● Task to complete
Word for word, output every line of the material below, minus pictures.

● Stored data
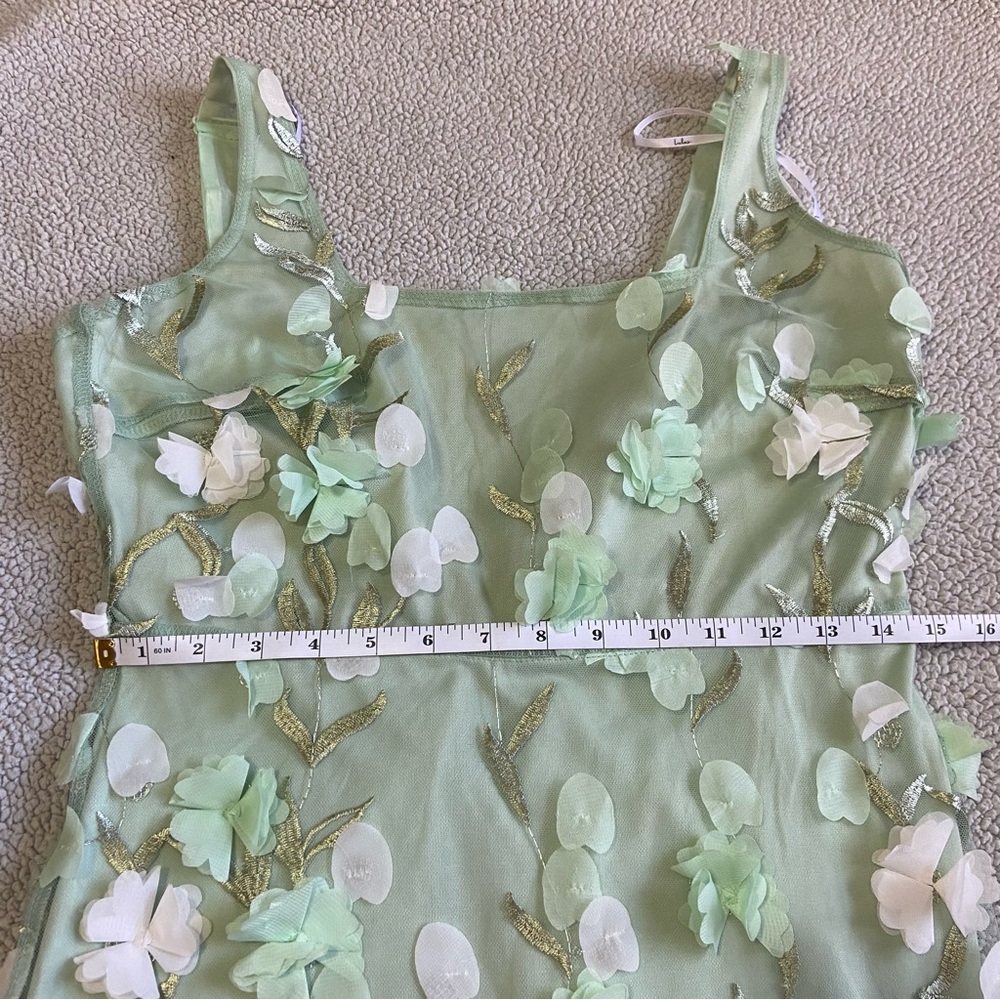 NWOT Lulus Elite Cutie Mint Green Mesh 3D Floral Embroidered Midi Dress - Picture 9 of 10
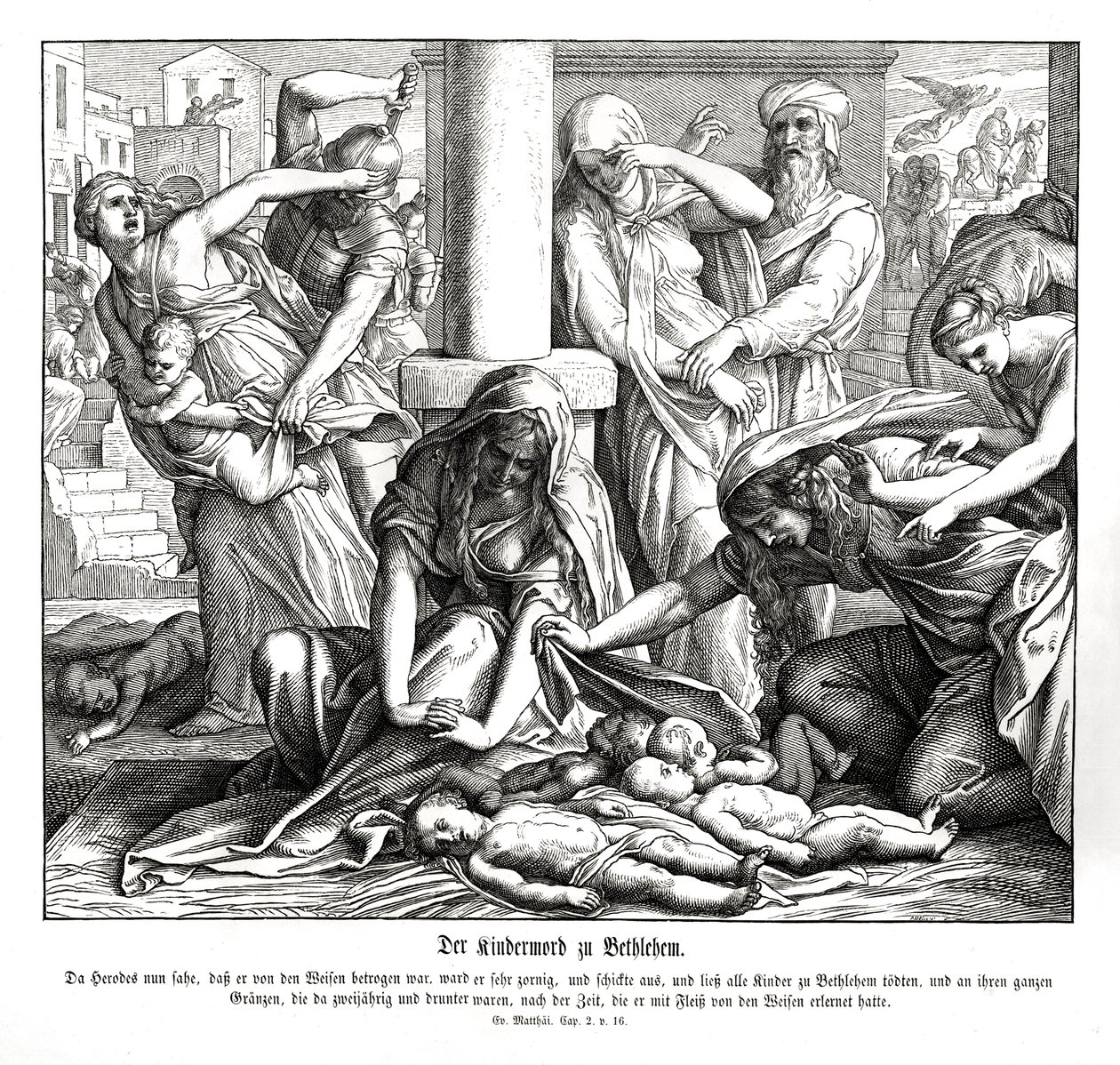 Herodes dræber børnene, Matthæusevangeliet af Julius Schnorr von Carolsfeld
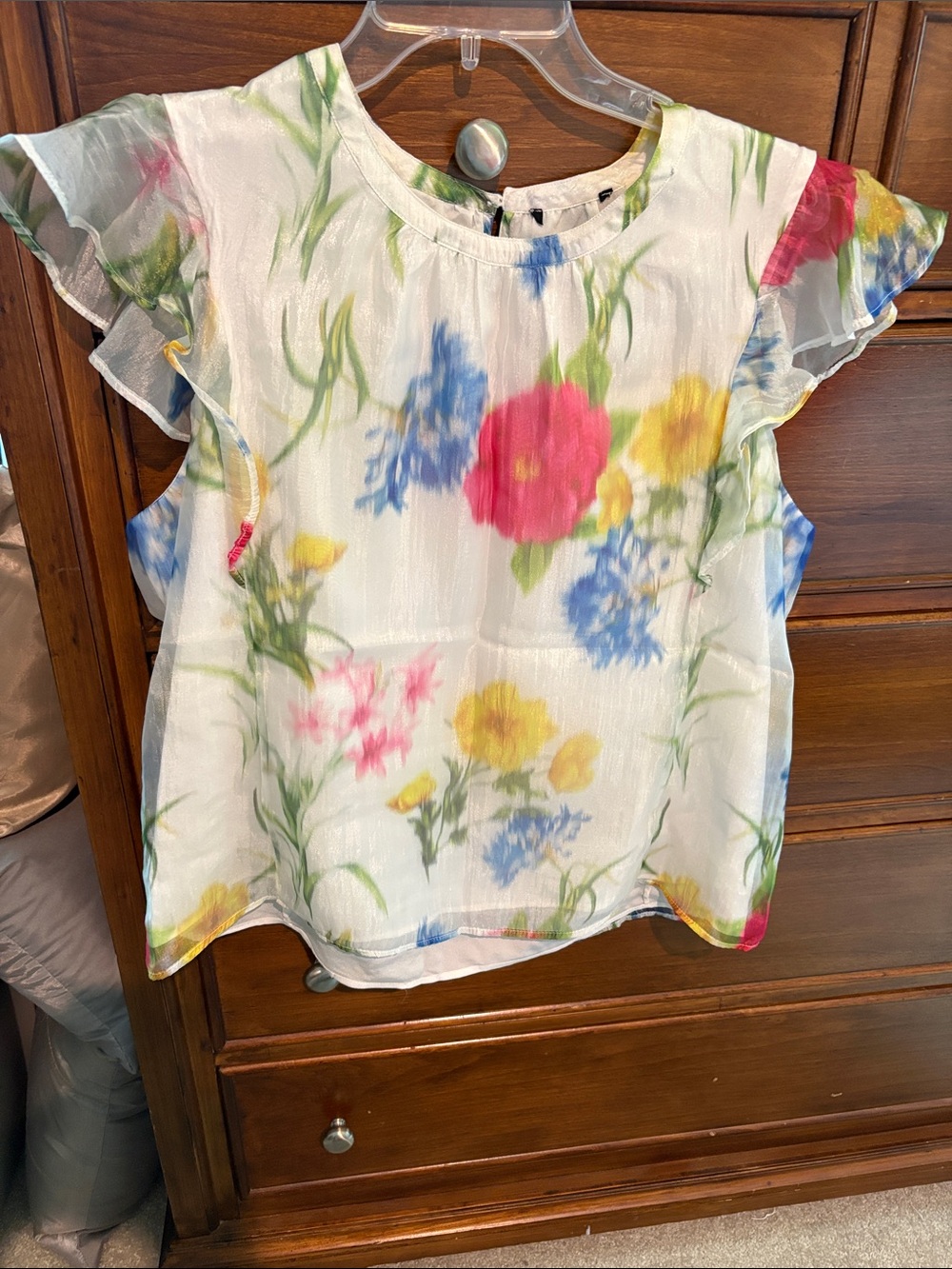 Sheer Floral Flutter-Sleeve Blouse in White with Pink, Yellow & Blue Flowers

● Solution to this problem
 NWOT Lulus Elite Cutie Mint Green Mesh 3D Floral Embroidered Midi Dress - Picture 9 of 10
 Herodes dræber børnene, Matthæusevangeliet af Julius Schnorr von Carolsfeld
 Sheer Floral Flutter-Sleeve Blouse in White with Pink, Yellow & Blue Flowers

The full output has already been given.